In 1995, the human rights victims won $2 billion in damages in a Honolulu court. In that case, 9,500 human rights victims filed suit against the Marcos estate, citing a leading 1980 American case, Filartiga v. Peña Irala, wherein US courts were allowed to try human rights violations committed abroad even when both the torturer and the victim were foreigners (or in legalese, without any jurisdictional link to the forum). To this day, that judgment is largely unenforced.
That is why the victims recently tried to collect some $35 million held in a US bank in the name of a dummy Panamanian corporation formed by the Marcoses in 1972 (the year martial law was proclaimed). However, they were opposed by the Philippine government, which claimed the sum for itself. Our own Sandiganbayan had earlier found that the moneys were ill-gotten wealth purloined by the Marcoses, and declared them forfeited in favor of the Philippine government.
The Philippine Supreme Court has also declared that all the ill-gotten wealth “supposedly originated from the government itself [and to] all intents and purposes belong to the people [and] must be returned to the public treasury.” Thus we encounter the first irony: The human rights victims are pitted against the Filipino people and the government that represents them.
The second irony is that these funds, once recovered, are earmarked for agrarian reform. This will pit the human rights victims against the Filipino peasantry. Each group holds a powerful claim to justice: the peasants to the land they till, the torture victims to the monetary compensation for their suffering. Yet this tug-of-war is by no means inevitable or necessary. Indeed, the two groups should be natural allies because the activists are fighting anyway for peasants’ rights, among their many causes. What sets them against one another? It is actually Philippine law that forces them to claim against the same pot of money. In other words, we could have structured it differently so that it’s not a zero-sum game.
This was not the only time that the victims’ pleas were frustrated by the Philippine government. When the victims tried for “recognition and enforcement of foreign judgment” and tried to enforce the Honolulu award in a Philippine court, our local courts mechanically and unsympathetically levied a stiff filing fee; after all, the filing fee is computed on the basis of the award sought to be enforced, in this case, $2 billion. The martial law victims had to go all the way to the United Nations Human Rights Committee, which sustained the victims and held that the local courts had thereby denied them an effective remedy under Philippine law.

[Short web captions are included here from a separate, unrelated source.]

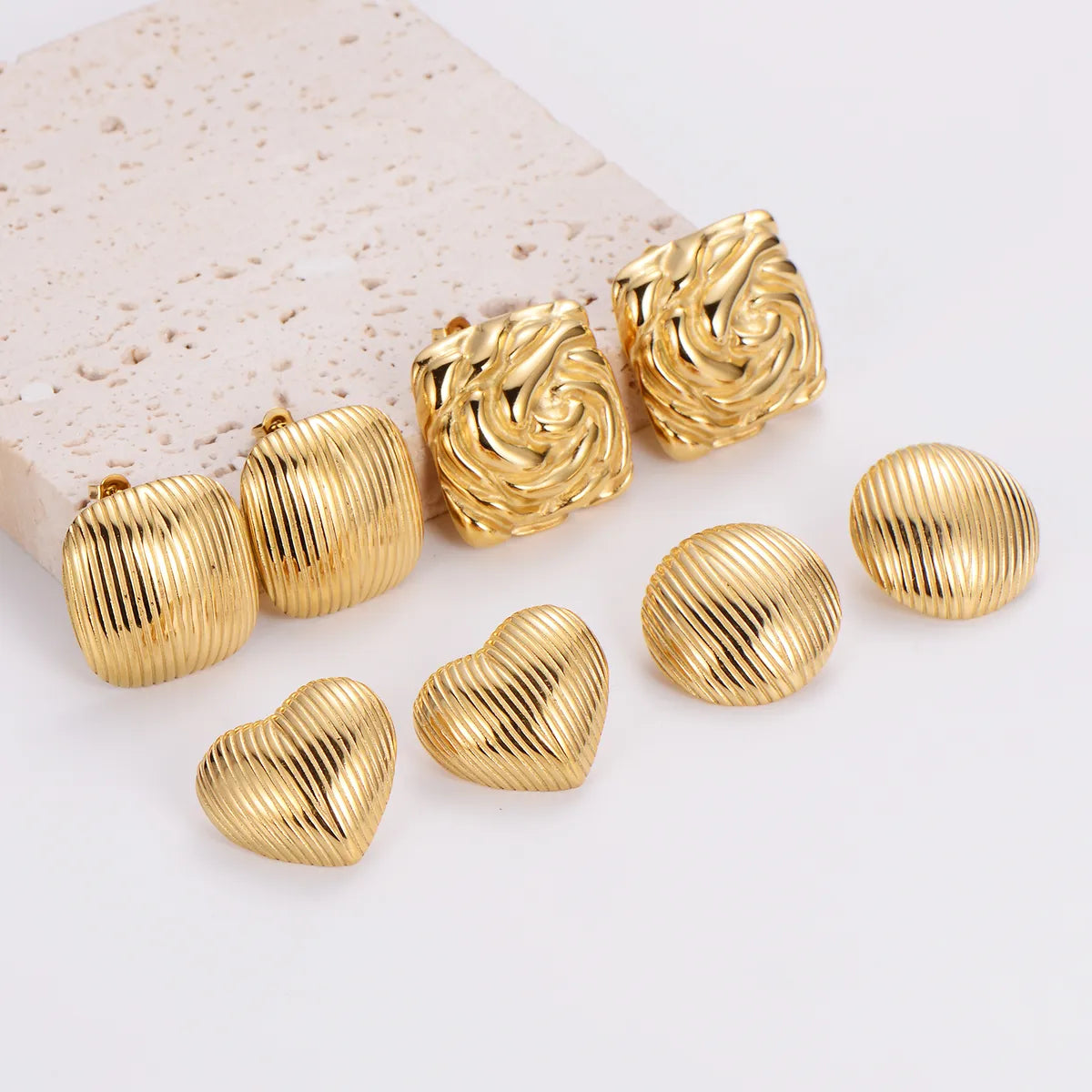 1 Pair French Style Simple Style Round Square Heart Shape 304 Stainless Steel No Inlaid 18K Gold Plated Ear Studs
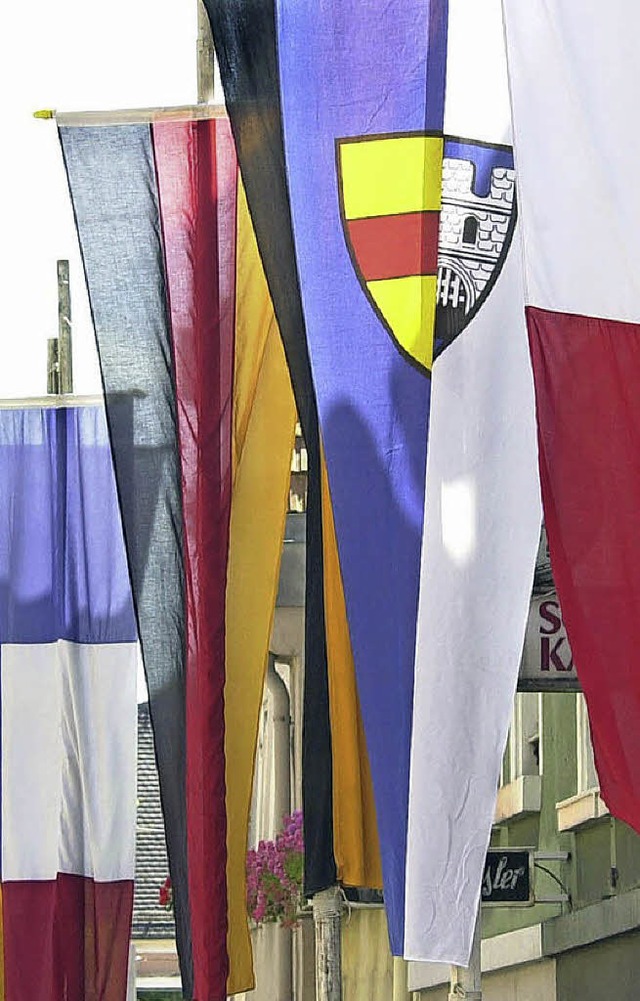 Die Fahnen signalisieren: Vis--Vis-Fest in Lahr.   | Foto: BZ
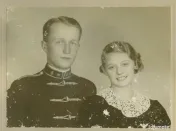 Refac fotografii deteriorate, iar dacă dorești, le pot imprima într-un album sau ți le pot preda în format digital. Pot fi fotografii noi deteriorate sau fotografii vechi — eu ți le repar pe toate. 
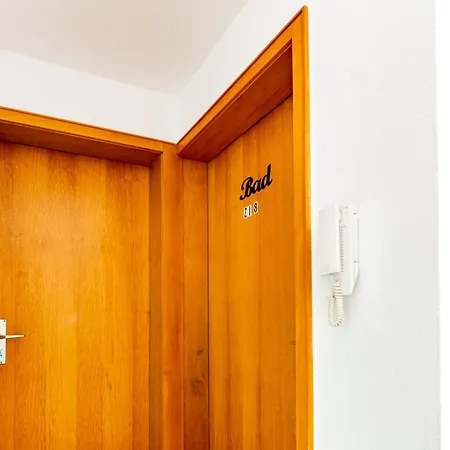 Konukevi Zum Torkelhaus 3*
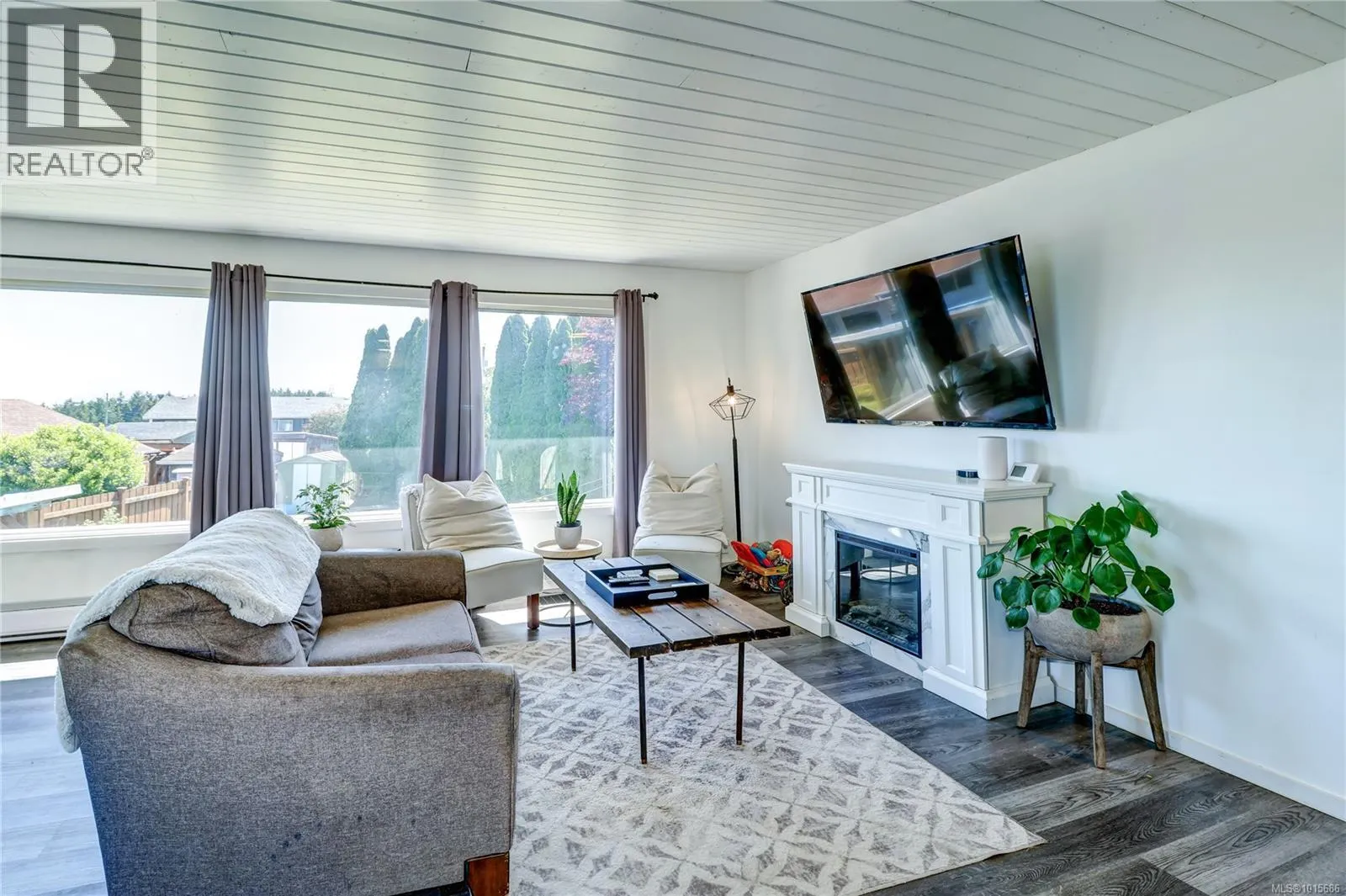 2530 Mountview Cres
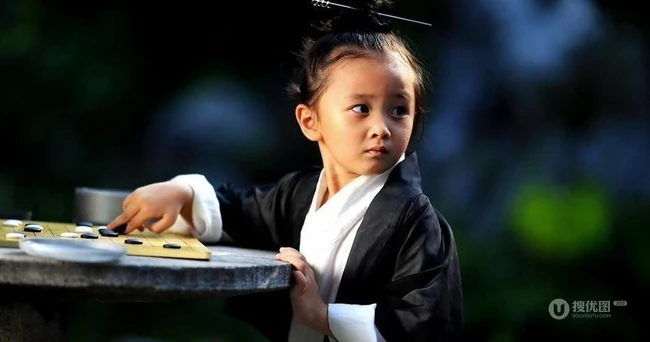 萌到翻少女 武汉"小道姑"可爱高清图片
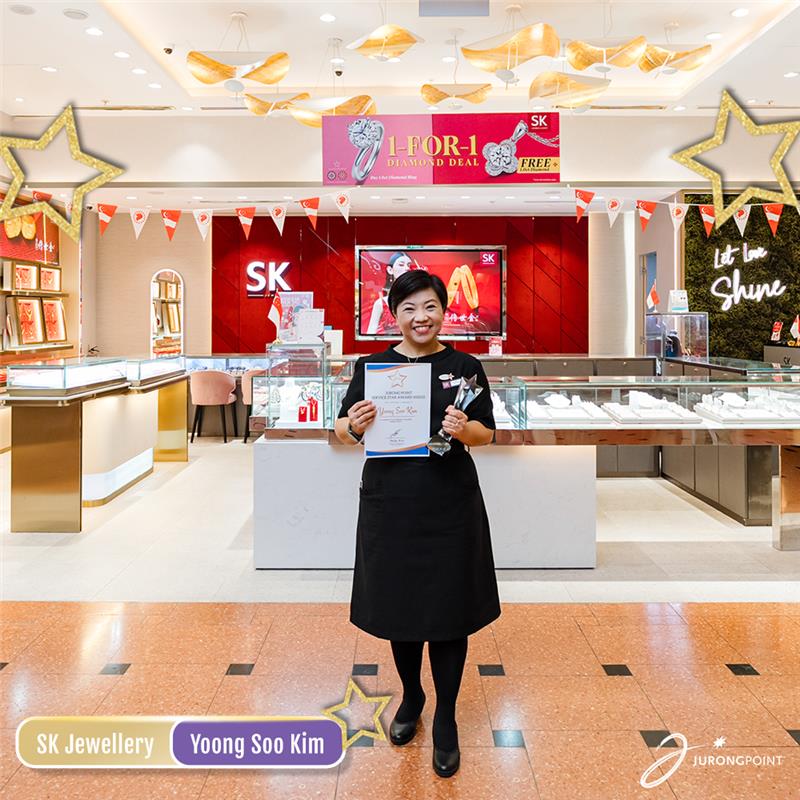 A Jurong Point Service Star Award winner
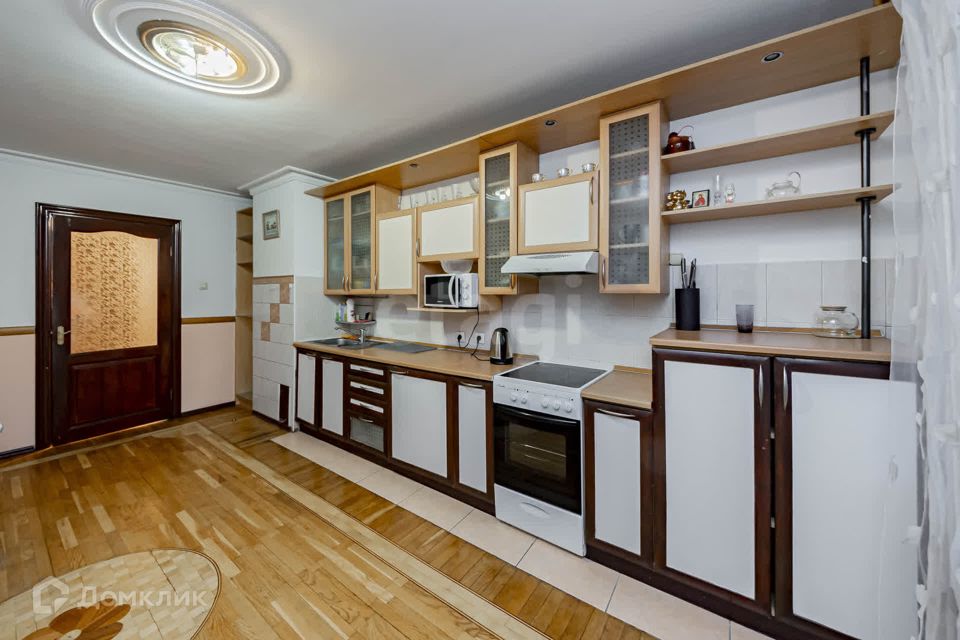 Продаётся 5-комнатная квартира, 148.4 м²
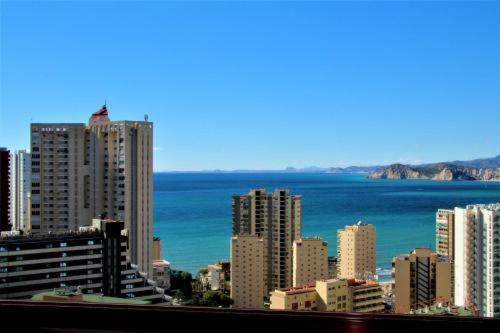 Апартаменты Apartamento Corazon De Monte Carlo Бенидорм Экстерьер фото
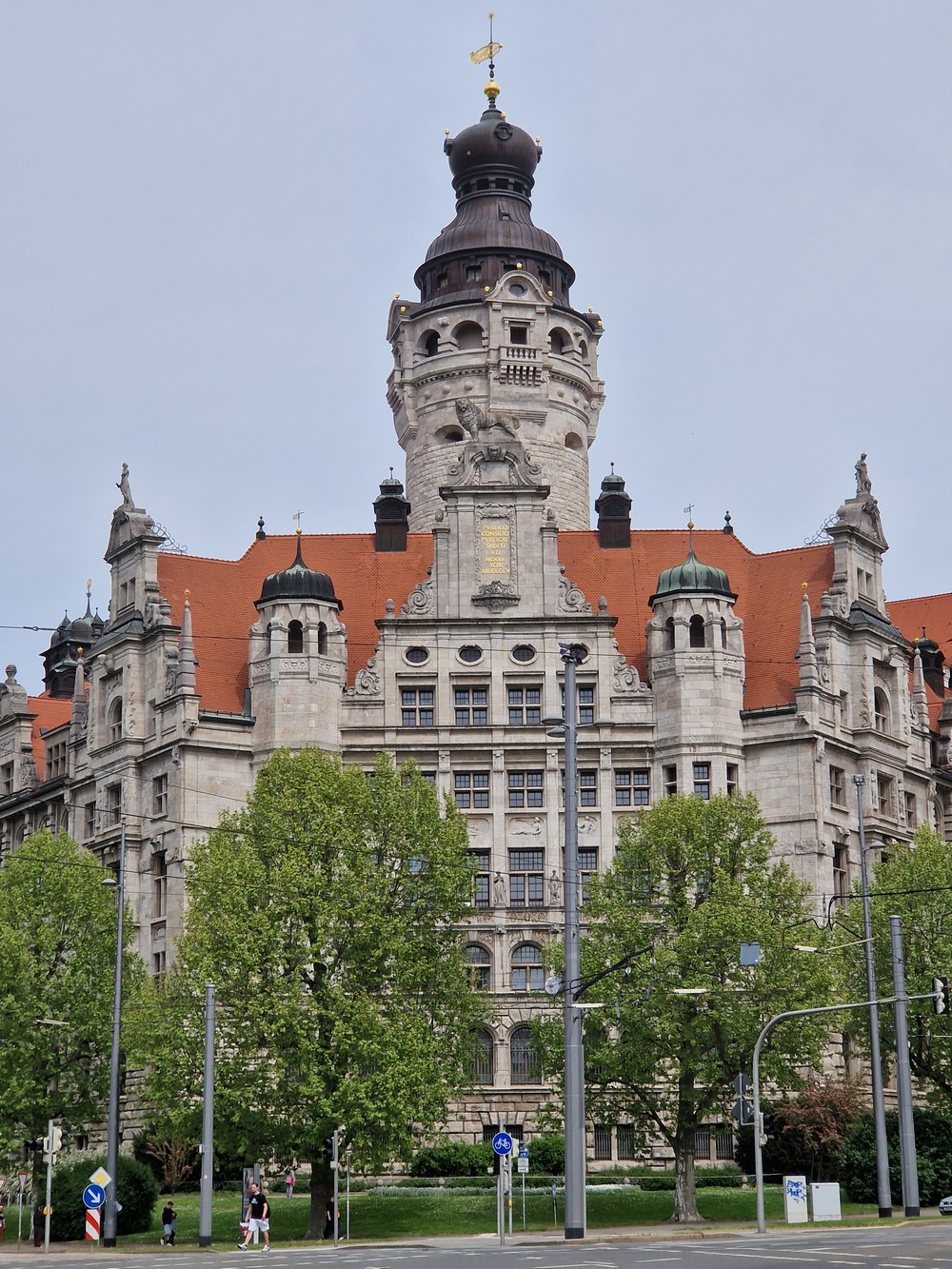 Вид на здание Новой ратуши в Лейпциге. Фото: BGmedia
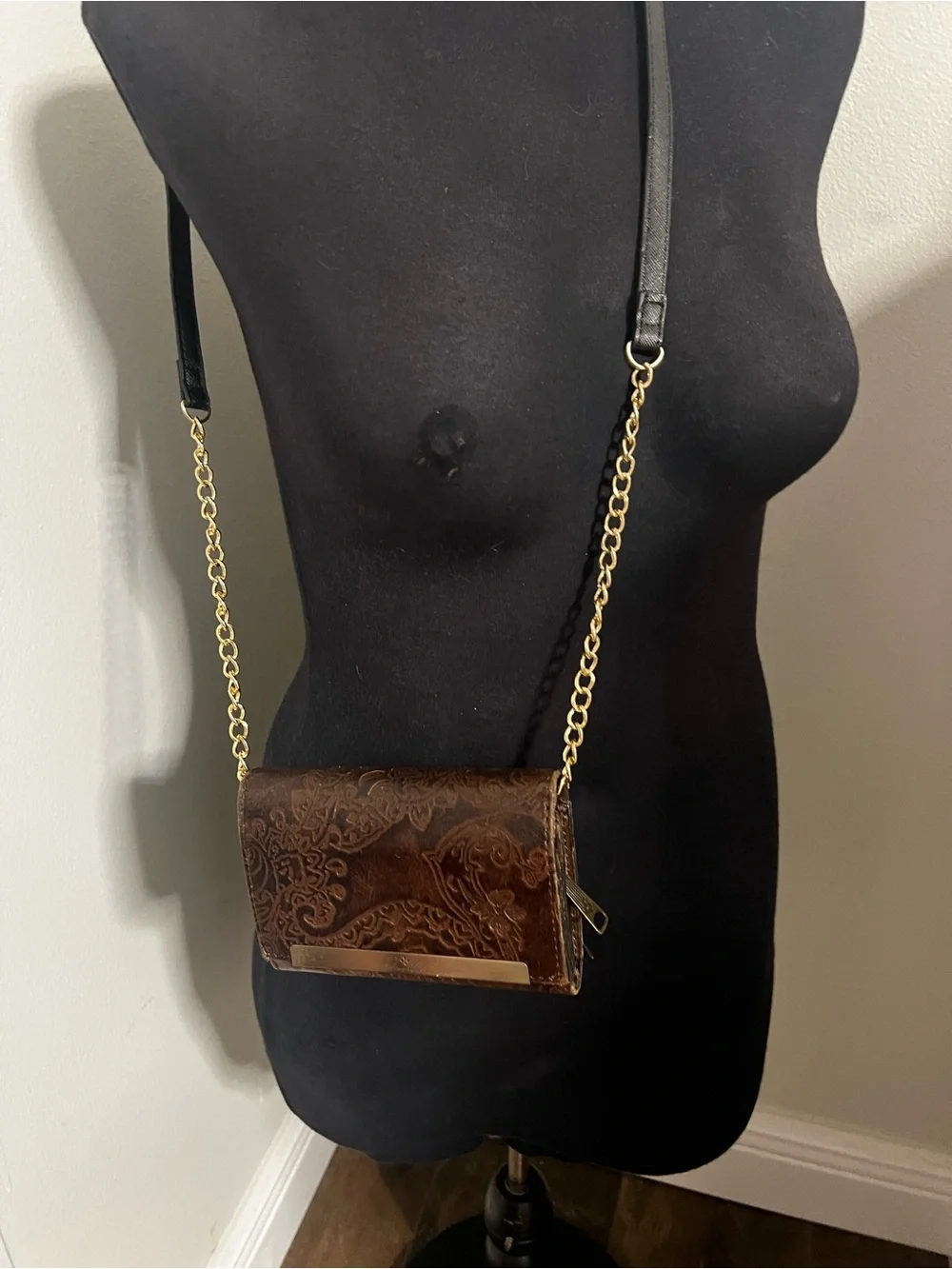 Patricia Nash Vintage Tooled Leather Trifold Wallet Organizer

The third irony is that, the last time some $384 million was transferred by the Swiss to the Philippine government, it ended up being used in the 2004 “fertilizer fund scam” to fund the presidential campaign of Gloria Macapagal-Arroyo. The foreign court thought it was doing the right thing giving back the money to the Philippine government.
It is significant that today, the leader of the human rights claimants is no less than the chair of the Commission on Human Rights, Loretta Ann Rosales. She said: “I feel rather sad that a historical judgment won for victims of martial law … should be resisted by purely legal arguments, blind to the spirit of the historical judgment: Compensate those who fought for the freedom we enjoy today.”
The final irony for “those who fought for the freedom we enjoy today” is that it is that freedom that has allowed our courts to look the other way. Not a single Philippine court has ever dared hold Ferdinand Marcos liable for the disappearances, torture and arrests under his regime. This has forced his victims to turn to American courts for justice. It has taken a Honolulu court to render them the justice that Philippine courts have failed to give. And now our courts, called upon merely to enforce a judgment that foreign courts have done them the favor of making, have faltered and balked.
More than a quarter-century after the restoration of democracy, it is time for a political solution in the form of a compensation bill passed by Congress. Some have raised the issue of how to rectify injustices suffered in the distant past. Remember that victims of the wartime internment of Japanese-Americans in World War II were compensated only under President Bill Clinton, a good 50 years later. The passage of time should not be a problem.
Another “distant past” issue arises when the actual human rights victim has died and the claimant is usually another family member. To start with, a good number of the actual sufferers are still alive and indeed are precisely in the twilight of their years when they direly need the award. But even otherwise, the typical children of the human rights victims rightly deserve to partake of the award since they, too, have suffered a part of the ordeal that their parents endured.
The recent setback before US courts must prod our Congress to finally pass the compensation bill to bring closure to this dark chapter in our nation’s story.